General information
- Type: Technology demonstrator
- Manufacturer: Alenia

= Alenia Aeronautica ITV =

The Alenia ITV is a technology demonstrator aircraft developed in Italy in the early 21st century. In the spring of 2003, Alenia Aeronautica of Italy unveiled a non-flying ground-test prototype of a half-scale unmanned combat aerial vehicle demonstrator, known as an "Integration Technology Vehicle (ITV)", with a flight prototype to follow. The ITV has a high-mounted wing with a sweep of 35 degrees; a vee tail; a Microturbo TRI60-5 turbojet, with 4.4 kN (450 kgp / 990 lbf) thrust, mounted on the back behind the wing; retractable tricycle landing gear; and metal construction.

As the ITV designation suggests, this machine is strictly for technology development and risk reduction.
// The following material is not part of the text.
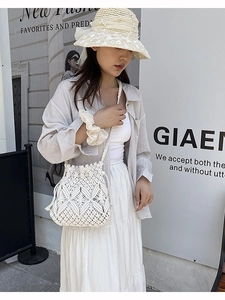 Retro cream crochet bucket bag with hollow diamond pattern and drawstring for beach vacations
A "real" Alenia Aeronautica UCAV will be at least twice as big, use a tailless delta configuration, and will be made mostly of composite materials. It will have a modular payload bay for carriage of smart weapons, SAR, or day-night EO sensors. Alenia Spazio, a sister organization in the Finnmeccia Group, will provide a satellite data link. Meteor is also part of the Finnmeccia group and there is likely some collaboration between Meteor and Alenia Aeronautica on UAV design.